The China Post
Singaporean companies have been picking up distressed assets, such as property in the United States and Indonesia, in the aftermath of the global financial crisis.
However, prices for these fire-sale assets are rising, and bargains are now thin on the ground as the economy recovers.
One factor is a recent move by the U.S. central bank to pump hundreds of billions of dollars into the economy, in a program known as quantitative easing.
This has meant that funds and companies flush with liquidity are driving up the demand for distressed assets.
Blossom Hing, director of corporate insolvency and restructuring at Drew & Napier, noted that, “There were more distressed assets for sale last year and early this year, but there are fewer now as the economy recovers, and fewer companies have to sell.
“There’s now also more cash chasing these assets due to the quantitative easing. Thus, the valuations have risen.”
Recent examples of fire-sale transactions include the acquisition, announced last month, of a fabrication facility in Houston by locally listed oil and gas player Ezra Holdings at an undisclosed “distressed” price.
In October, it was reported that the family company of Wee Cho Yaw, the chairman of United Overseas Bank, was among a group of investors that paid a knockdown price of about US$150 million for a former landmark property in Beverly Hills, also in the U.S. The property went for less than a third of its sale price of around US$500 million in 2007.

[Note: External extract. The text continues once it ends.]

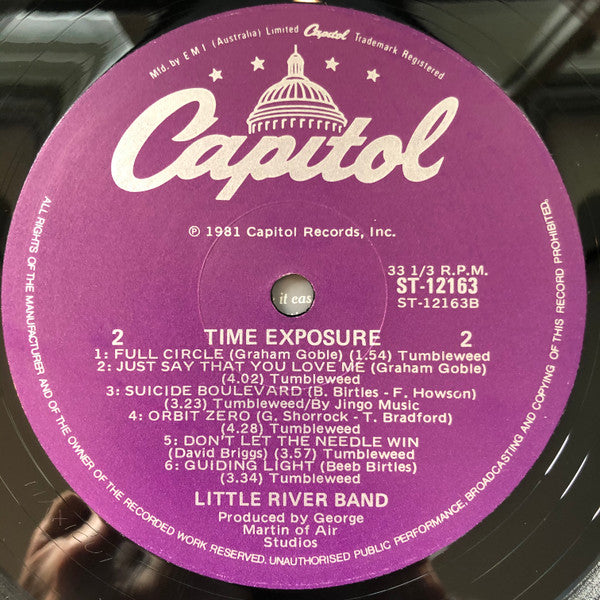 Little River Band : Time Exposure (LP, Album)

Aaron Loh, partner of restructuring services at Ernst & Young, estimates that the number of those expressing interest in distressed assets has almost doubled in the past year.
“There has been a marked increase in the number of buyers looking for opportunities, but pricing of the distressed assets remains a concern. The number of concluded deals recently is limited. Those who are considering distressed assets overseas are approaching them with caution,” he said.

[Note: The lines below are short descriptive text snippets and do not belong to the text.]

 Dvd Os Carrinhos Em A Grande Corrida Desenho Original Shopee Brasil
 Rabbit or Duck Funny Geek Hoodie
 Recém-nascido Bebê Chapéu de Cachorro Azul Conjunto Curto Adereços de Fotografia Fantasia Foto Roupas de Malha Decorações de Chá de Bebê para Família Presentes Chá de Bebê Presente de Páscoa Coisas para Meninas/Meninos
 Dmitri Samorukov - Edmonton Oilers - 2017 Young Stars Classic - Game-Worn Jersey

Julian Kwek, a corporate lawyer who also heads the Indonesia desk at Drew & Napier, said that in general, valuations have jumped since the crisis by “50 percent to 60 percent easily.” Specific pricings would depend on many factors, such as the industry and country where the asset is located, and whether the seller is close to finding a way out of its troubles, he added.

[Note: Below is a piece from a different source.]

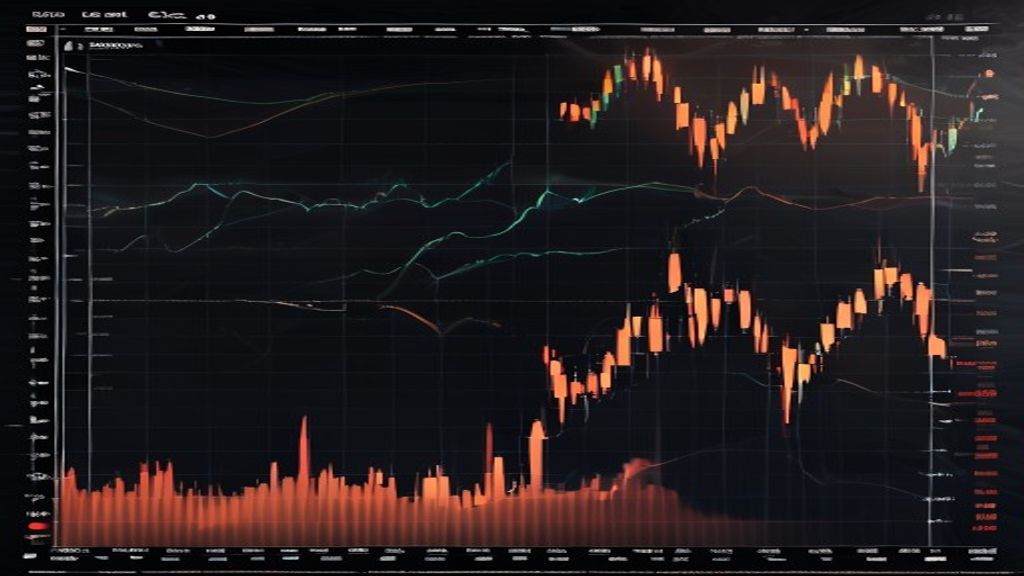 bitcoin price chart falling support level trading screen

“Valuations have been going up because of hot money in the Asia-Pacific. The cash could be from many countries, including the U.S. and those in Europe, while rich Asians are seeking the assets as well.”
A distressed asset is held by a company trapped in a bad financial situation, which is willing to let its assets go for very low prices. The asset could include a company’s debt, or physical assets such as property and equipment.
The assets can be from any geographical region or industry, though commodities and property holding companies are commonly targeted by investors, say observers.
Manoj Sandrasegara, joint head of Wong Partnership’s restructuring and insolvency practice, said the recent crisis saw shipping companies and electronics exporters running into trouble and needing to off load some assets.
Some assets, including property and equipment, can be acquired for 25 percent to 30 percent of their original price, and asset prices can be especially depressed when the country where the asset is located has a less efficient legal system, he said.
According to Kwek, distressed debt can go for anything between 5 percent and 95 percent of its face value, depending on the risks.
Observers note that while financial conditions affect the demand and supply of distressed assets, deals are available at any point in the economic cycle.
Maneesh Tripathi, chief executive of mobile handset company Spice i2i, said there are “still a lot” of distressed assets in his industry, though the number has fallen from that seen during the crisis.
“Internal issues are making people go down, such as poor management of company finances and supply chains,” he said.
Tripathi added that such assets are equally spread across Southeast Asia. There are fewer of them in Singapore, however, owing to better management practices here.
Sandrasegara said a number of distressed assets are on the market at any point of time, regardless of whether the economy is strong or weak.
“When the economy is good, assets could become distressed because of poor cash flow, bad management, or both,” he explained.